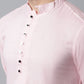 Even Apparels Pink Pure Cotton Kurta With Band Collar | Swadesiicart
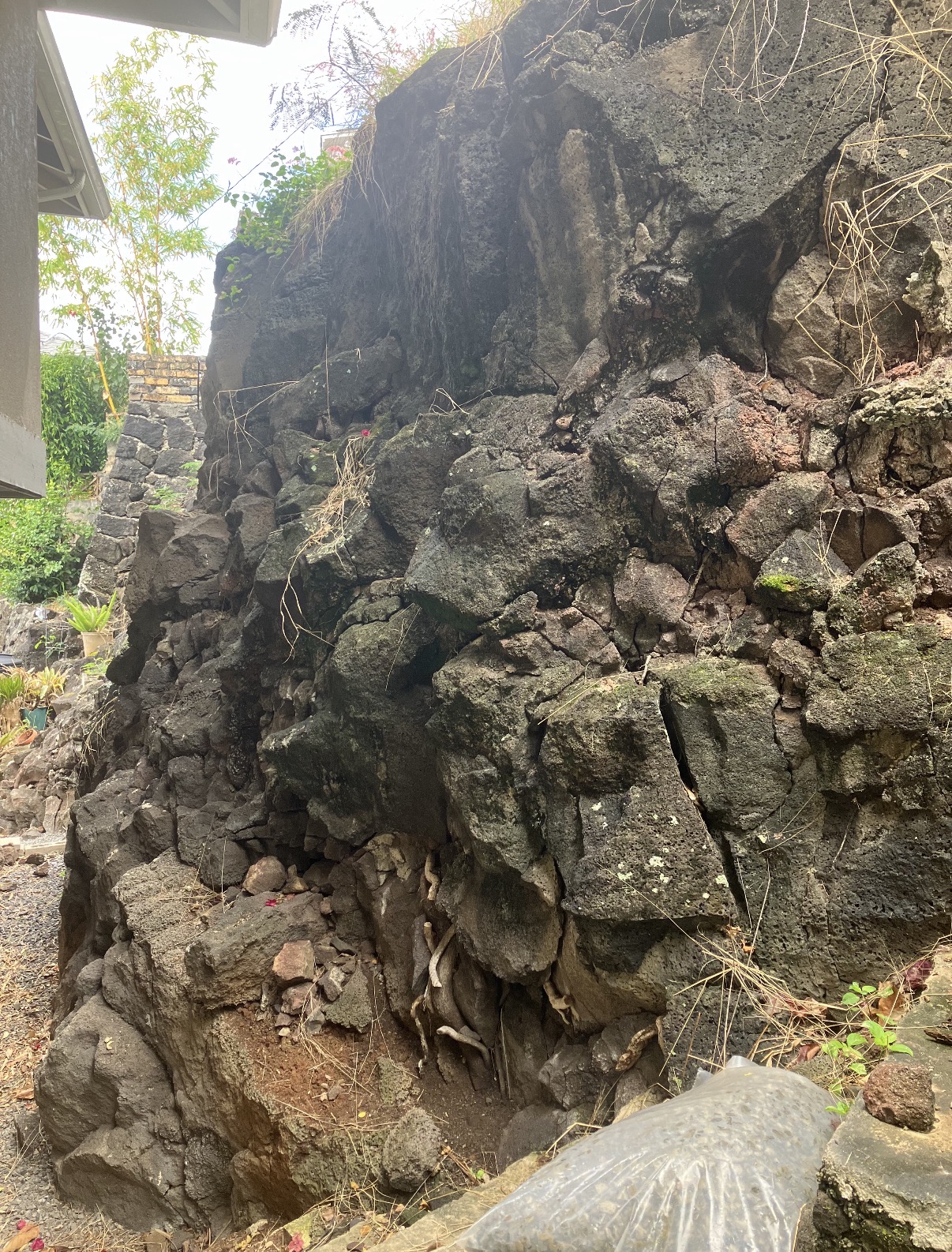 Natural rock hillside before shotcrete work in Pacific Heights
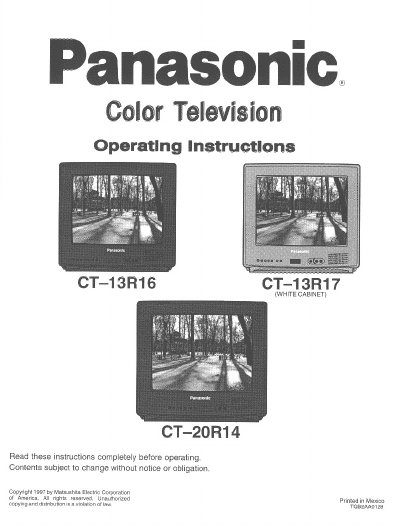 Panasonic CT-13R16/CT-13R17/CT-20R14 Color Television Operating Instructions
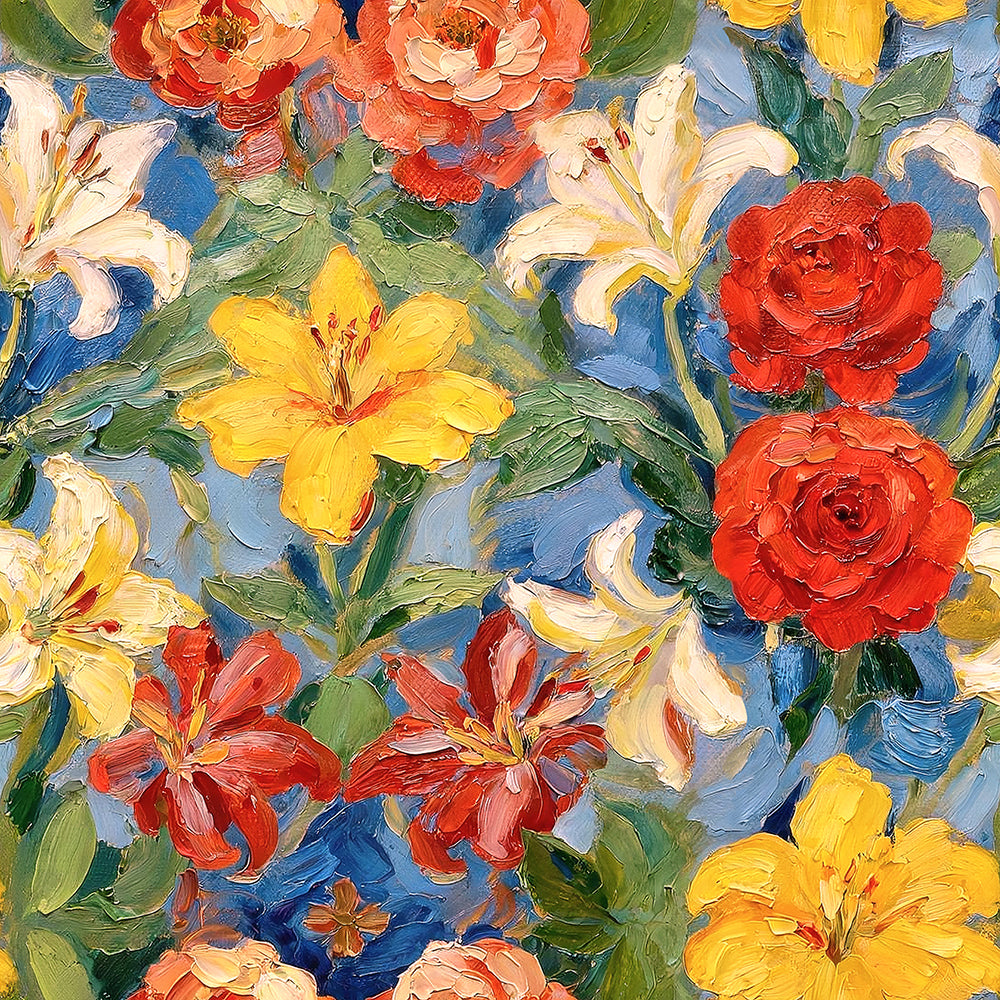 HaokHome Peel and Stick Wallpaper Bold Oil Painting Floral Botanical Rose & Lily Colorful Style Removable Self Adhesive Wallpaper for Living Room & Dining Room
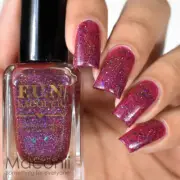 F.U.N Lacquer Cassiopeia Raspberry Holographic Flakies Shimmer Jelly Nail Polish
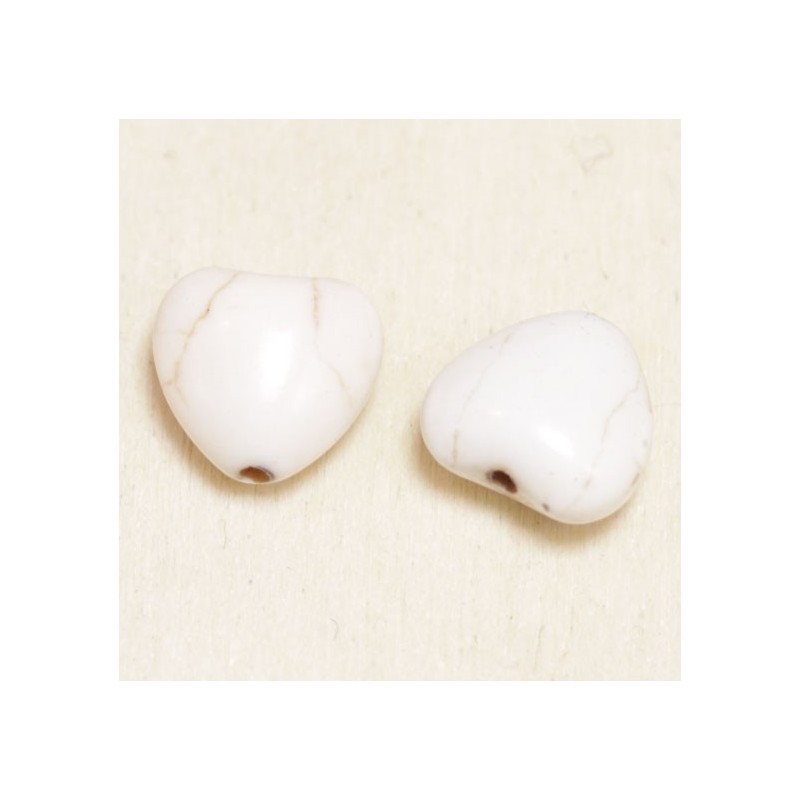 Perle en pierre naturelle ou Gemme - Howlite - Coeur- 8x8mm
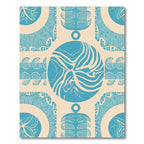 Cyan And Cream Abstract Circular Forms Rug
•••••
[Exercise description]
Drop the images; restate the listing exactly.

[Answer section]
 Even Apparels Pink Pure Cotton Kurta With Band Collar | Swadesiicart
 Natural rock hillside before shotcrete work in Pacific Heights
 Panasonic CT-13R16/CT-13R17/CT-20R14 Color Television Operating Instructions
 HaokHome Peel and Stick Wallpaper Bold Oil Painting Floral Botanical Rose & Lily Colorful Style Removable Self Adhesive Wallpaper for Living Room & Dining Room
 F.U.N Lacquer Cassiopeia Raspberry Holographic Flakies Shimmer Jelly Nail Polish
 Perle en pierre naturelle ou Gemme - Howlite - Coeur- 8x8mm
 Cyan And Cream Abstract Circular Forms Rug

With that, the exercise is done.